"A nossa História não está restrita ao nosso território", afirma o autor. Tendo o Atlântico Sul como ligação, a trajetória do Brasil dos séculos XVI e XVII está intimamente ligada à de Angola. Com uma ocupação portuguesa efetiva, esse país teve seus reinos independentes dizimados e limitou-se a desenvolver uma economia complementar à brasileira. A prioridade era o fornecimento de escravos para o mercado brasileiro, e atividades que pudessem concorrer com a agroindústria exportadora do Brasil não eram incentivadas. Sob esse aspecto, Alencastro sustenta que o Brasil, tradicionalmente visto como um país explorado, também explorou. "Angola foi pilhada pelos brasileiros, ou pelos colonos deste enclave lusitano", afirma o historiador. Isso ocorreu por meio de guerras com o intuito de aumentar o tráfico de escravos.
A dinâmica de ligação entre os dois pólos pelo tráfico negreiro gerou conseqüências para o Brasil contemporâneo.
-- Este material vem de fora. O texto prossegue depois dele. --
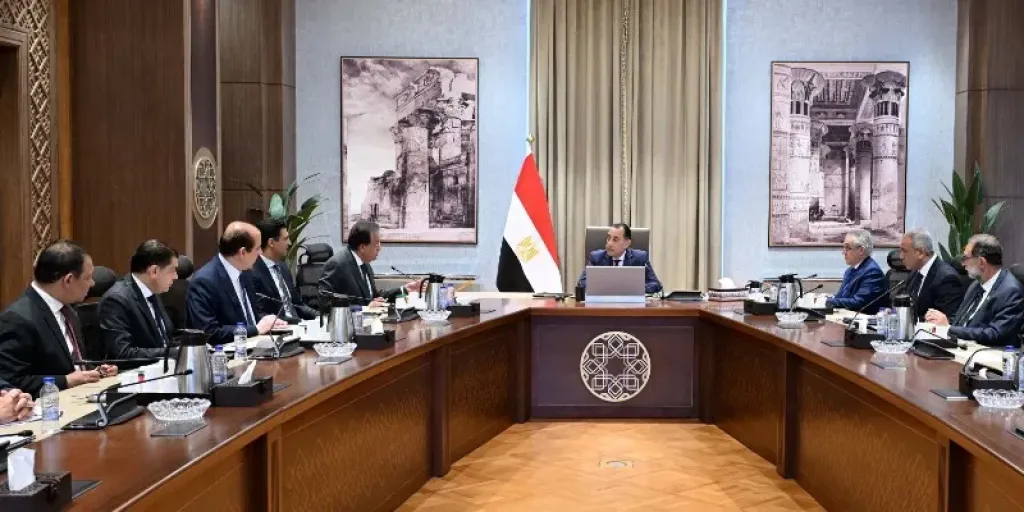 رئيس الوزراء يُتابع إجراءات إحكام وتعزيز الرقابة على مصانع إنتاج الأغذية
Alencastro afirma que a agressividade do tráfico no Rio de Janeiro pode ser um exemplo de como os maus tratos aos escravos podem estar ligados à violência atual. "Mais da metade da população do Rio de Janeiro no século XIX era de escravos, fato que não existiu em nenhum lugar do mundo."
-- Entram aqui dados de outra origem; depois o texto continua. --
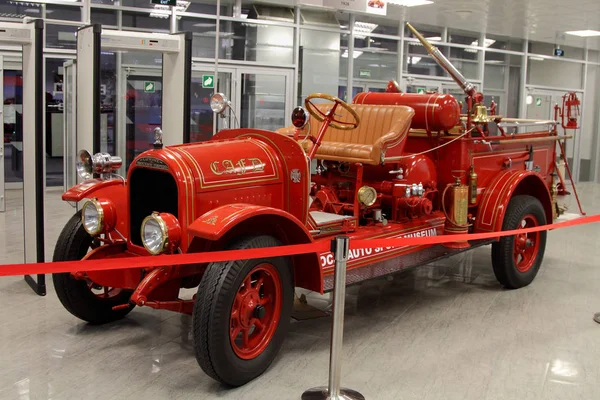 LaFrance Brockway Torpille dans le musée des sports automobiles à — Photo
A tese exposta por Alencastro em O Trato dos Viventes começou a ser desenvolvida em 1986, durante seu doutoramento pela Universidade de Paris-Nanterre, sob supervisão do professor Frédéric Mauro, e foi amadurecida durante anos. Seu livro, publicado pela Companhia das Letras, estava sendo aguardado com expectativa no meio acadêmico. Mas o autor evita ser comparado a outros grandes estudiosos da formação do Brasil, como Sergio Buarque de Hollanda ou Caio Prado Júnior. "Não tenho pretensão alguma em relação a isso", nega ele.